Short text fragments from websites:

-- Opening Marker --

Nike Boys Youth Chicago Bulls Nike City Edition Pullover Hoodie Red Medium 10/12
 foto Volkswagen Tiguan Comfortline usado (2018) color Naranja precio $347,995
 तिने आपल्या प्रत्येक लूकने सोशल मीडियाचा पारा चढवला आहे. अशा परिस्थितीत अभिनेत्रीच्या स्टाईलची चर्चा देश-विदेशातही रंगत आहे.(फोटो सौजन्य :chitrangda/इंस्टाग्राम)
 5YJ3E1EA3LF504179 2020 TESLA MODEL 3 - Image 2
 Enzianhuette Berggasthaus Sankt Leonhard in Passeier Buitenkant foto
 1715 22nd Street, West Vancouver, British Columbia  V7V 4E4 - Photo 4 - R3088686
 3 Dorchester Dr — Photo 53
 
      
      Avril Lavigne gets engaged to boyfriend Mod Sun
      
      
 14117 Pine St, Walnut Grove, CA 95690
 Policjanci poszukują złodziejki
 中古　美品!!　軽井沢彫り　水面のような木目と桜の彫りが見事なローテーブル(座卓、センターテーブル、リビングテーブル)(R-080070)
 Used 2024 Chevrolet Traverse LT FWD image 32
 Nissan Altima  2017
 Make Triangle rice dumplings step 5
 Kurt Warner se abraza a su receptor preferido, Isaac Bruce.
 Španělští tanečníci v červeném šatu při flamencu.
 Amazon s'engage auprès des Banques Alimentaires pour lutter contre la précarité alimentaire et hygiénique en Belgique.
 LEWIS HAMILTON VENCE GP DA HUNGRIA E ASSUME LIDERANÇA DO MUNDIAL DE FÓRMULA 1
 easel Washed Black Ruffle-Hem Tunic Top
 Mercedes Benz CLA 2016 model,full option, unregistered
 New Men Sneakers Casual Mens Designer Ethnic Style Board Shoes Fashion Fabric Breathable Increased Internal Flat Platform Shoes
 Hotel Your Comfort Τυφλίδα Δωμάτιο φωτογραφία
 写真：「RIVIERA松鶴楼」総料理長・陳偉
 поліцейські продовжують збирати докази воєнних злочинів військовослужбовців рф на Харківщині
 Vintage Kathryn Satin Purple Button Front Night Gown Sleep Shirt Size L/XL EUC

-- Closing Marker --

Aim of the task:
A verbatim copy of all the entries is the expected result.

Answer to this exercise:
Nike Boys Youth Chicago Bulls Nike City Edition Pullover Hoodie Red Medium 10/12
 foto Volkswagen Tiguan Comfortline usado (2018) color Naranja precio $347,995
 तिने आपल्या प्रत्येक लूकने सोशल मीडियाचा पारा चढवला आहे. अशा परिस्थितीत अभिनेत्रीच्या स्टाईलची चर्चा देश-विदेशातही रंगत आहे.(फोटो सौजन्य :chitrangda/इंस्टाग्राम)
 5YJ3E1EA3LF504179 2020 TESLA MODEL 3 - Image 2
 Enzianhuette Berggasthaus Sankt Leonhard in Passeier Buitenkant foto
 1715 22nd Street, West Vancouver, British Columbia  V7V 4E4 - Photo 4 - R3088686
 3 Dorchester Dr — Photo 53
 
      
      Avril Lavigne gets engaged to boyfriend Mod Sun
      
      
 14117 Pine St, Walnut Grove, CA 95690
 Policjanci poszukują złodziejki
 中古　美品!!　軽井沢彫り　水面のような木目と桜の彫りが見事なローテーブル(座卓、センターテーブル、リビングテーブル)(R-080070)
 Used 2024 Chevrolet Traverse LT FWD image 32
 Nissan Altima  2017
 Make Triangle rice dumplings step 5
 Kurt Warner se abraza a su receptor preferido, Isaac Bruce.
 Španělští tanečníci v červeném šatu při flamencu.
 Amazon s'engage auprès des Banques Alimentaires pour lutter contre la précarité alimentaire et hygiénique en Belgique.
 LEWIS HAMILTON VENCE GP DA HUNGRIA E ASSUME LIDERANÇA DO MUNDIAL DE FÓRMULA 1
 easel Washed Black Ruffle-Hem Tunic Top
 Mercedes Benz CLA 2016 model,full option, unregistered
 New Men Sneakers Casual Mens Designer Ethnic Style Board Shoes Fashion Fabric Breathable Increased Internal Flat Platform Shoes
 Hotel Your Comfort Τυφλίδα Δωμάτιο φωτογραφία
 写真：「RIVIERA松鶴楼」総料理長・陳偉
 поліцейські продовжують збирати докази воєнних злочинів військовослужбовців рф на Харківщині
 Vintage Kathryn Satin Purple Button Front Night Gown Sleep Shirt Size L/XL EUC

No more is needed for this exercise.